Social and Economic Pressure on Nature (SEPON) is fun! I'm enjoying the development of this index which will hopefully provide a guide to the pressure and utilisation of natural resources in just about any geographic area in Australia. In my introductory post I outlined some of the concepts that I would be adopting. This post is, however, mainly just an update and examples on some of the output of the SEPON model and a note on a couple of model tweaks.

First the tweaks. At very high resource pressures the model 'gave up'. There was little ability to differentiate at these high pressures. Essentially, the model could not determine whether a very high pressure was different from a moderately pressure. I've introduced a tweak in the index to slightly better resolve the higher end of the natural resource pressures essentially giving the model the ability to differentiate between 'Moderate', 'High' and 'Very High'. Interestingly, this change seems to have affected rural SEPON index values more than cities, pushing some scores up, especially due to the effect of transport pressures. For example Byron Shire Council which already had a relatively poor score of -9 actually turned out to be a -13. Walcha Shire Council had its value of 6 reduced to 2 (remember a ore positive value indicates an increased likelyhood that people are using natural resources of the area in a sustainable way and vice versa). What is a surprise is that people that live in Byron Shire Council and Sydney City now have equal scores. My gut feeling is that the effect of transport (D5) is too highly weighted in the model... I'll have to go through the assumptions again and double check. There might be another tweak needed.

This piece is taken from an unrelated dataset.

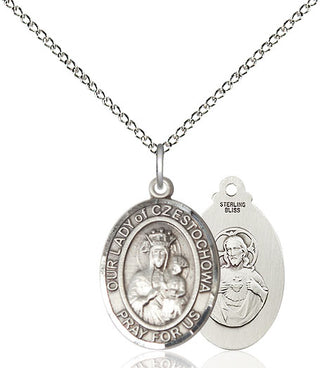 Sterling Silver Our Lady of Czestochowa Medal Religious Jewelry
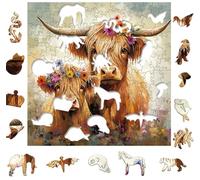Dr. MUYA Wooden Puzzle for Adults, Small Cow Pattern, 30 x 30 cm, 150 Pieces, Irregular Shape, Unique Game Principle, with Exquisite Wooden Gift Box, Ideal Easter Gifts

Expanded Local Government area SEPON Index Values without NRU concept applied

Where matters!
An example I'd like to show is the difference in scores in two areas Armidale Regional Council and the Armidale ABS Statistical Area (SA2). The example on the right serves to demonstrate that the Armidale ABS statistical area has an apparently overall adverse pressure on natural resources, however, the whole local government area is apparently sustainable. I.e. The manner that people use natural resources in the rest of the LGA effectively 'subsidise' the Armidale ABS Statistical Area. This seems a fairly reasonable observation especially relating to the pressure on land resources (D1). Note that this model was run before aforementioned tweak was made for high pressures.

Also, I wanted to show what happens when I start applying preliminary aspects of the Natural Resource Utilisation (NRU) concept to the Armidale Regional Council and Armidale ABS Statistical Area. Unfortunately the selection of these regions is not necessarily very good with regard to illustrating NRU, a more built up area such as Sydney might illustrate the concept better. Essentially the scores were unchanged for those two areas... I think that the adjusted SEPON index value including NRU for Byron and Sydney LGAs might be a good one to run through. I speculate that this will make Byron LGA better than Sydney. but that will be a future post.





1 comment:

  1. Hi Rod,

    This looks interesting. I wonder what the numbers look like for Ebor or Uralla?